THE INPUT –
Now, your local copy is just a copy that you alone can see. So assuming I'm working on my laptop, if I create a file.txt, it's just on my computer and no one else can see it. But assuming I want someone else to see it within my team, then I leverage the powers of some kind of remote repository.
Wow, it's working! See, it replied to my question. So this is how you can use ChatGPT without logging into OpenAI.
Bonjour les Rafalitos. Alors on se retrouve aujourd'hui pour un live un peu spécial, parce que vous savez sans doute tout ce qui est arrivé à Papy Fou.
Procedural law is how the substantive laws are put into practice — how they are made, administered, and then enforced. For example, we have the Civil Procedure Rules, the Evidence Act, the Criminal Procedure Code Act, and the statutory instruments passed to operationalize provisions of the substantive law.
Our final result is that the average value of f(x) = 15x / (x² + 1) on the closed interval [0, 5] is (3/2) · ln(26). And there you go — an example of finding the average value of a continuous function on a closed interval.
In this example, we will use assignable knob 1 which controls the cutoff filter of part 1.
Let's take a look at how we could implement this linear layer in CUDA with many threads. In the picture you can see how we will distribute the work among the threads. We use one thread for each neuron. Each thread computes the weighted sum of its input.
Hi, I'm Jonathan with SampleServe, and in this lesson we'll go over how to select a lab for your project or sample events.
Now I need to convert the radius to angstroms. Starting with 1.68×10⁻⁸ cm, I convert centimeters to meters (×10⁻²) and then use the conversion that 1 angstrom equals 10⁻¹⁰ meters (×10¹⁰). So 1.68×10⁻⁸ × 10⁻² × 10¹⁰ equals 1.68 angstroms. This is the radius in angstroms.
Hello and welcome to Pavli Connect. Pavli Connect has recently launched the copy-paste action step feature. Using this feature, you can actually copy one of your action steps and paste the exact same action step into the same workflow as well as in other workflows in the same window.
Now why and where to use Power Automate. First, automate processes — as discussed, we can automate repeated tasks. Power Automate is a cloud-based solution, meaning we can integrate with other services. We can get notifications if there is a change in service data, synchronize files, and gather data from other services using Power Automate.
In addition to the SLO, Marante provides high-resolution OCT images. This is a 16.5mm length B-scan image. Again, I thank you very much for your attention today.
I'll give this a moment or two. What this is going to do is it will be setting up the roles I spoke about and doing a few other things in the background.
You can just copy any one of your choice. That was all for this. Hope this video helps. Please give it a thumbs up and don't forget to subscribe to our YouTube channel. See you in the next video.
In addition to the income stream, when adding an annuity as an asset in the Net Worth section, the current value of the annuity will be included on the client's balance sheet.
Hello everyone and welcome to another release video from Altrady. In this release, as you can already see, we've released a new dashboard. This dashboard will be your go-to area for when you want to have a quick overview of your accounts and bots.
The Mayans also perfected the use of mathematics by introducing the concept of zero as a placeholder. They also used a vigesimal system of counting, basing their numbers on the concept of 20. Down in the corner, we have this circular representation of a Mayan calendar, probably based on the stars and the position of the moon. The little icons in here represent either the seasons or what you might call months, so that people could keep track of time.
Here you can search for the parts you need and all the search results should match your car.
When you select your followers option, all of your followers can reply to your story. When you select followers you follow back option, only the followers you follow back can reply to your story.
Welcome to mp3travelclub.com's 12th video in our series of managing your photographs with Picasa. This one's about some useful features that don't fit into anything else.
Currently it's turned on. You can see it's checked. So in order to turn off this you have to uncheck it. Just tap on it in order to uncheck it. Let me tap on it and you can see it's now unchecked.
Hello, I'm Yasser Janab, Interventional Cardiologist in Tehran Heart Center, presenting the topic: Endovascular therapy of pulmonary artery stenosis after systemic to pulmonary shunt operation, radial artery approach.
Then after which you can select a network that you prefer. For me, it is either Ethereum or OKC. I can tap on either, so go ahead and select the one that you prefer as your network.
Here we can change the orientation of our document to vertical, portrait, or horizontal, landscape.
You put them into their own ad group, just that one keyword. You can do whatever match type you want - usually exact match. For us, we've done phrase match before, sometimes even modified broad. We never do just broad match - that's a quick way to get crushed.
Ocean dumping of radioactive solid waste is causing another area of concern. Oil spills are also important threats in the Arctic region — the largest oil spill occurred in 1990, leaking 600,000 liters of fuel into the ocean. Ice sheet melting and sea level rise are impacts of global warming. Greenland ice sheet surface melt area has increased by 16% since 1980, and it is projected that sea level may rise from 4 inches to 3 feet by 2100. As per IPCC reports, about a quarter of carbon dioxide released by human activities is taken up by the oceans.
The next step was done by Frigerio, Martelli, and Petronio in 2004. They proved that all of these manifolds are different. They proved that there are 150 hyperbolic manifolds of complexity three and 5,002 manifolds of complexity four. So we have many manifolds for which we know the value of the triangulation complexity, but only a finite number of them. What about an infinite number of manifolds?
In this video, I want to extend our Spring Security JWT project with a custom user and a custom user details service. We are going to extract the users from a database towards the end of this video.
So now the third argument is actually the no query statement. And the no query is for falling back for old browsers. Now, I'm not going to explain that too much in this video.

ASSIGNED TASK – Above are the records; copy exactly the lines from the line with "You can just" through the line with "Hello everyone and", both included.

TASK RESPONSE –
You can just copy any one of your choice. That was all for this. Hope this video helps. Please give it a thumbs up and don't forget to subscribe to our YouTube channel. See you in the next video.
In addition to the income stream, when adding an annuity as an asset in the Net Worth section, the current value of the annuity will be included on the client's balance sheet.
Hello everyone and welcome to another release video from Altrady. In this release, as you can already see, we've released a new dashboard. This dashboard will be your go-to area for when you want to have a quick overview of your accounts and bots.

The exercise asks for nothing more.